Per la prima volta in un decennio gli esperti ipotizzano una contrazione pari all’1,5%. Per l’anno successivo lieve inversione di tendenza, con una crescita di poco superiore al 2%. Analisti evidenziano il rischio di “recessione con doppia ricaduta”. Timori per l’indipendenza della Banca centrale. 

Istanbul (AsiaNews) - Per la prima volta da oltre un decennio, l’economia turca dovrebbe registrare una contrazione nel 2019, per poi riprendersi - di poco - e registrare una modesta crescita nei due anni successivi. È quanto emerge da una inchiesta elaborata dagli esperti della Reuters e pubblicata ieri, che prende in esame gli studi di oltre 40 economisti di primo piano di tutto il mondo.

La media provvisionale indica che l’economia turca registrerà una contrazione dell’1,5% per quest’anno. Un dato che contraddice le (modeste) stime di crescita del governo diffuse nelle scorse settimane, che ipotizzavano una espansione del 2,3%. 

In realtà, le valutazioni degli esperti del settore consultati fra il 4 e il 16 luglio variano (e anche di molto) fra loro: da una crescita dell’1% per i più ottimisti, si passava a una contrazione fino al 5% per le previsioni più fosche. Al contempo, la crescita prevista per il 2020 è del 2,4% mente dovrebbe migliorare nell’anno successivo con un più 3,4%. 

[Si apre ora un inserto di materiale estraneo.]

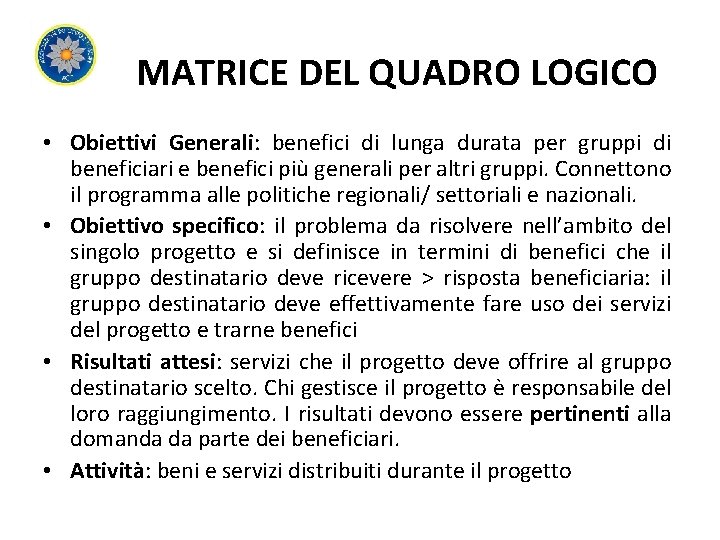 MATRICE DEL QUADRO LOGICO • Obiettivi Generali: benefici di lunga durata per gruppi di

Per il secondo e terzo trimestre dell’anno corrente si dovrebbe registrare una contrazione rispettivamente del 2,5% e dell’1,1%. Il dato dovrebbe tornare a crescere nell’ultimo quarto, con un più 1%. Fra le ragioni, avvertono gli esperti, troviamo l’estrema “volatilità finanziaria del mercato” e “la grande incertezza politica” che elevano il rischio di “recessione con doppia ricaduta”. 

L’ultimo calo su base annuale registrato dall’economia turca su base annuale risale al 2009, con un meno 4,7%. Dal 2010 al 2017 il dato medio si è assestato attorno a un + 6,6% trainato dallo sviluppo nel settore delle costruzioni, grazie anche al basso costo del denaro. Tuttavia, la crisi della lira turca (calata del 30% rispetto al dollaro) ha determinato una contrazione del 2,6% nei primi tre mesi dell’anno corrente, preceduti da un calo del 3% nell’ultimo trimestre dello scorso anno. 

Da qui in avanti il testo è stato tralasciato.